**ABOUT THIS TASK:**
Retype word for word the stretch of entries below from the line that has "Choungsoo Cold Buckwheat" through the line that has "Read 20th Century Boys PT Manga Online", and omit the pictures.

**TASK MATERIAL:**

☆ ☆ ☆ ☆

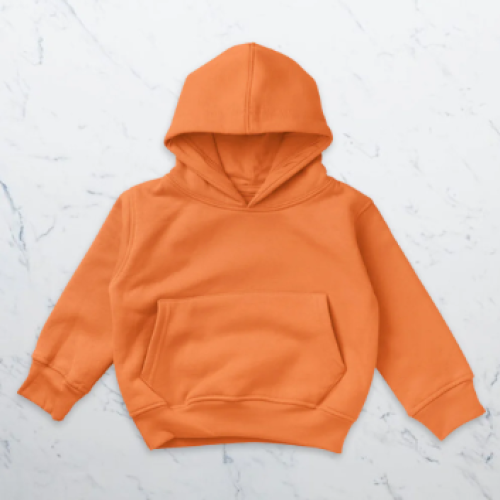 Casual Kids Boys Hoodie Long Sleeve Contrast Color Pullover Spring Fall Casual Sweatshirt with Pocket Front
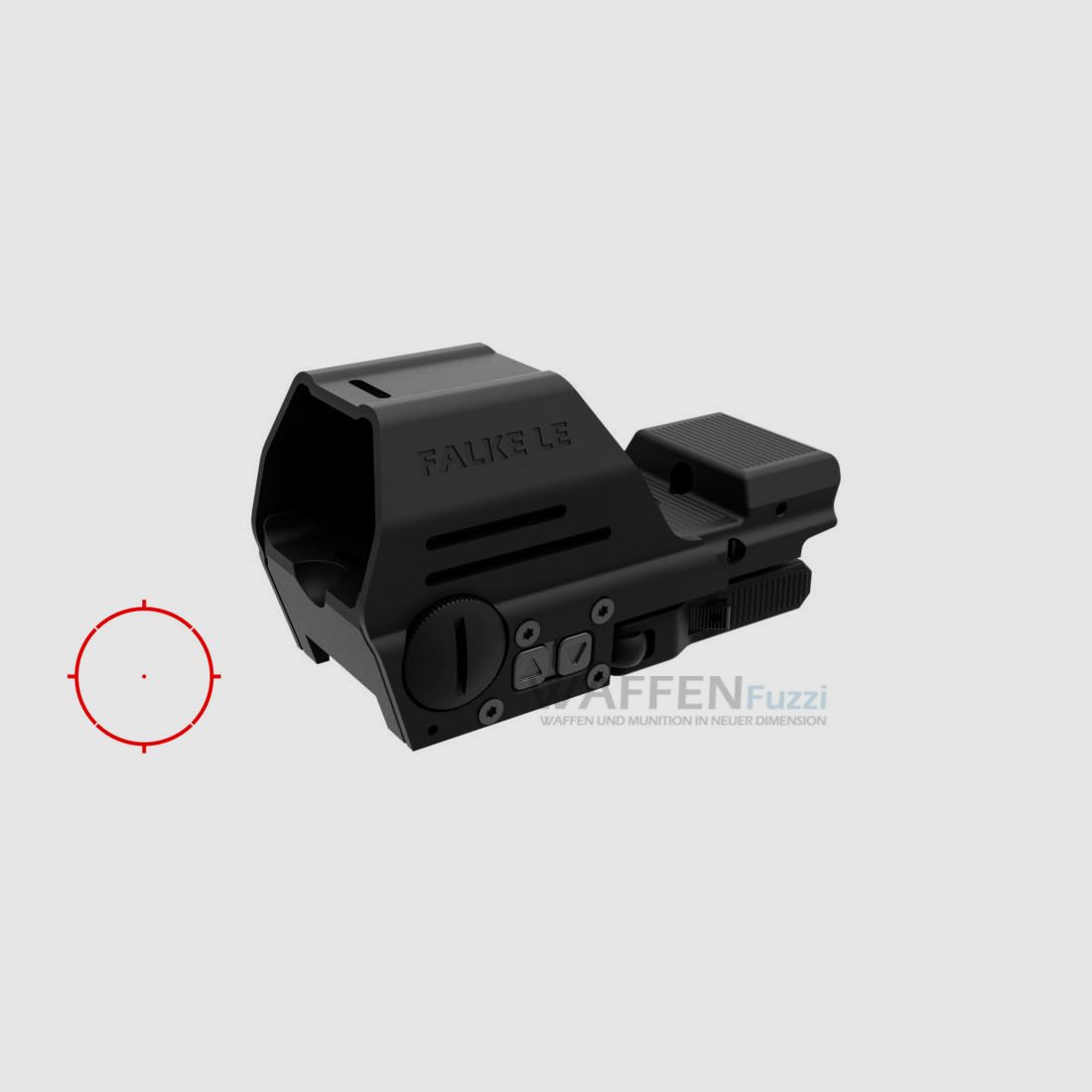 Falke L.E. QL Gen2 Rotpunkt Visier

☆ ☆ ☆ ☆

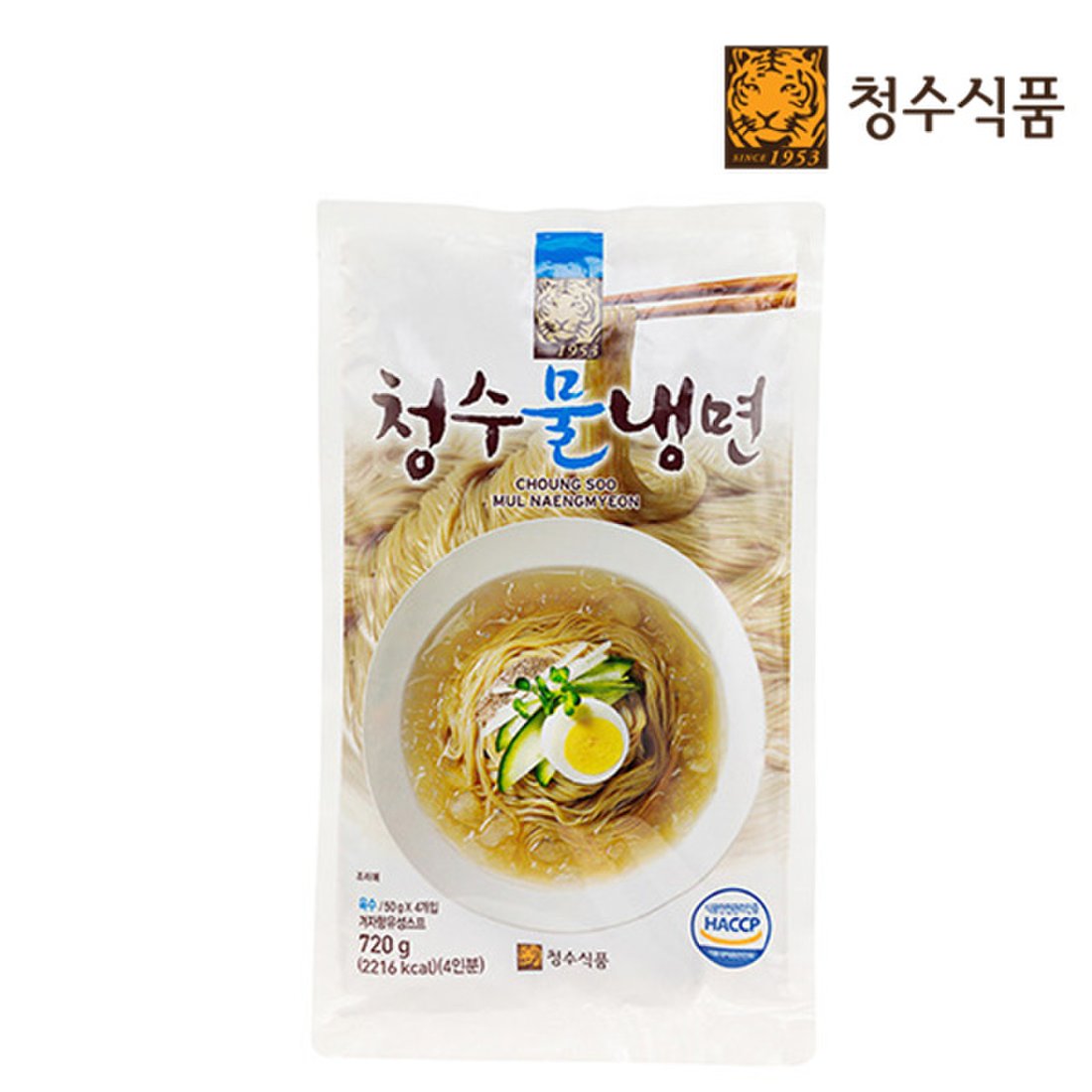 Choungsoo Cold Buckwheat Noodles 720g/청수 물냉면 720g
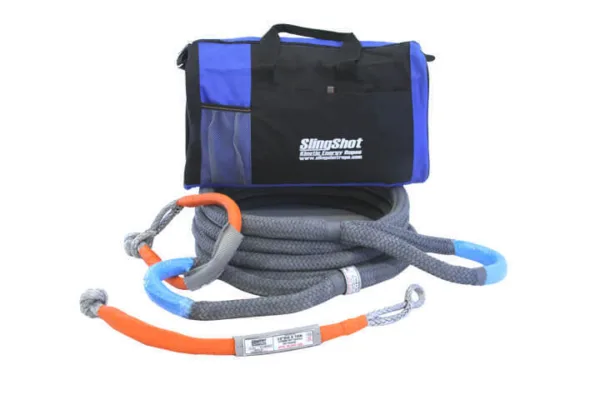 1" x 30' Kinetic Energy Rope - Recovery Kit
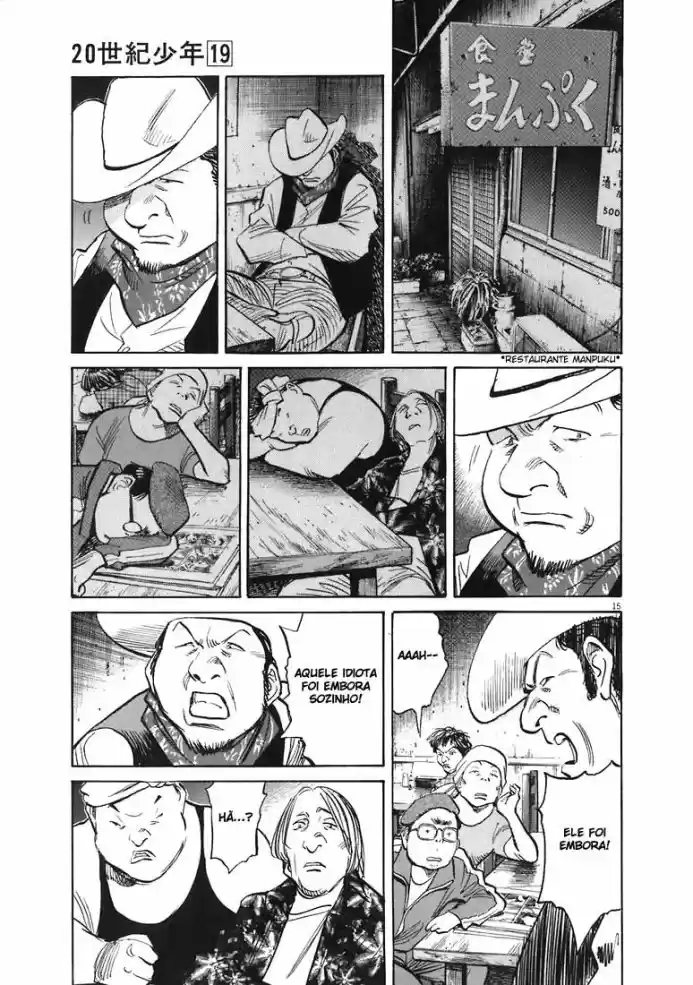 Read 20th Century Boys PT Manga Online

☆ ☆ ☆ ☆

**EXERCISE RESULT:**
 Choungsoo Cold Buckwheat Noodles 720g/청수 물냉면 720g
 1" x 30' Kinetic Energy Rope - Recovery Kit
 Read 20th Century Boys PT Manga Online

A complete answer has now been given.